NumSubPerGroup | int32, ${\rm N_{group} }$ | The Number of subhalos of each group in the same chunk. |
SubOff | int32, ${\rm N_{subhalo} }$ | The index into subhalo_pid of the first particle of each subhalo. |
SubLen | int32, ${\rm N_{subhalo} }$ | Number of particles associated with each subhalo. |
SubParentHalo | int32, ${\rm N_{subhalo} }$ | The index (into group catalog in the same chunk) of the host group of each subhalo. |
SubMostBoundID | int64, ${\rm N_{subhalo} }$ | The particle ID of the most bound particle of each subhalo (no bit-mask is needed). |
ParticleIDs | int64, ${\rm N_{p\ in\ subhalos} }$ | cell_id and pid of each particle (bitwise OR-ed, referred to as subhalo_pid). |
Other datasets not listed here are Halo_M_Crit200, Halo_M_Mean200, Halo_M_TopHat200, Halo_R_Crit200, Halo_R_Mean200, Halo_R_TopHat200, SubHalfMass, SubPos, SubSpin, SubVel, SubVelDisp, and SubVmax. See the merger tree catalog below for their detailed meanings.
Merger Tree Catalog
SubLink Trees
Subhalos in ELUCID are linked by the SubLink algorithm across different redshifts. Linked subhalos form subhalo merger trees which describe the assembly histories of subhalos on the tree.

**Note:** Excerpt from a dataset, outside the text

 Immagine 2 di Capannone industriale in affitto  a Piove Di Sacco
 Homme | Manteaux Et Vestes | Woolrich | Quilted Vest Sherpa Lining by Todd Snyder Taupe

SubLink trees are represented in memory by a contiguous array of Subfind subhalos. Progenitor/descendant relationships are described the indexing fields of subhalos. For any subhalo h, we have the following fields:
- FirstProgenitor: index of the most massive progenitor subhalo of h.

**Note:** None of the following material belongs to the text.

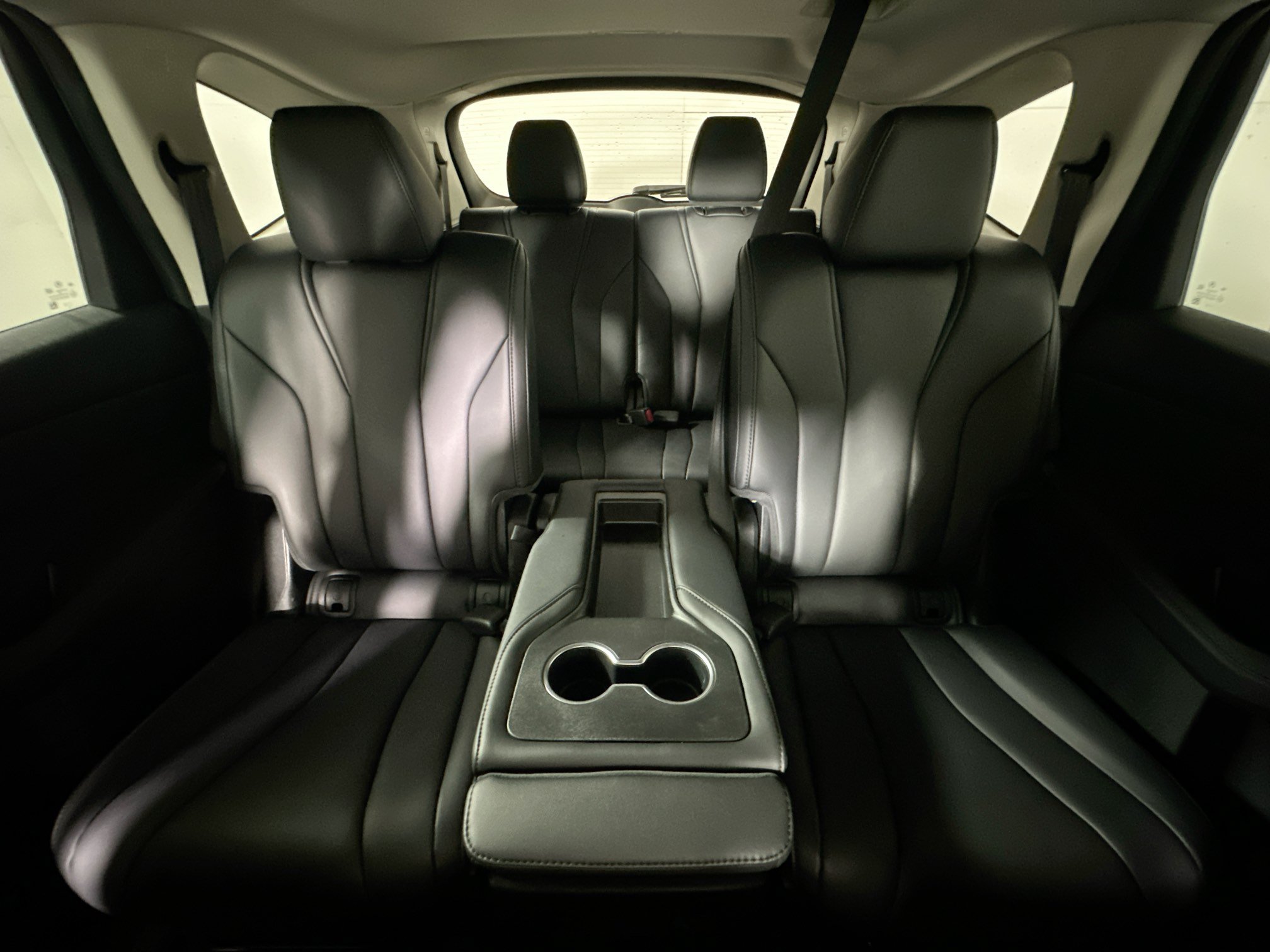 Used 2023 Acura MDX FWD image 30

- NextProgenitor: index of the next most massive progenitor which shares the same descendant as h.
- Descendant: index of the descendant subhalo of h.
For convenience, two additional indices are provided to link subhalos in the same FoF group:
- FirstHaloInFOFgroup: index of the central subhalo (i.e., most massive subhalo, as calculated by sum of linked dark matter particles) of the FoF group that hosts h. A central subhalo has FirstHaloInFOFgroup pointing to itself.
- NextHaloInFOFgroup: index of the subhalo in the same FoF group and next massive to h.
Subhalos connected by any of the above five indices are considered in the same "tree" and stored contiguously. Trees are distributed in ${\rm N_{chunks}}$ chunks. Each chunk contains trees one after another. A tree cannot distributed in more than one chunk. All the five indices are 0-based and started from the first subhalo in each tree. All of them, except FirstHaloInFOFgroup, can be -1, indicating none of such link exists. Note that the FirstProgenitor and Descendant may skip at most one snapshot for taking temporarily unresolved subhalos into account.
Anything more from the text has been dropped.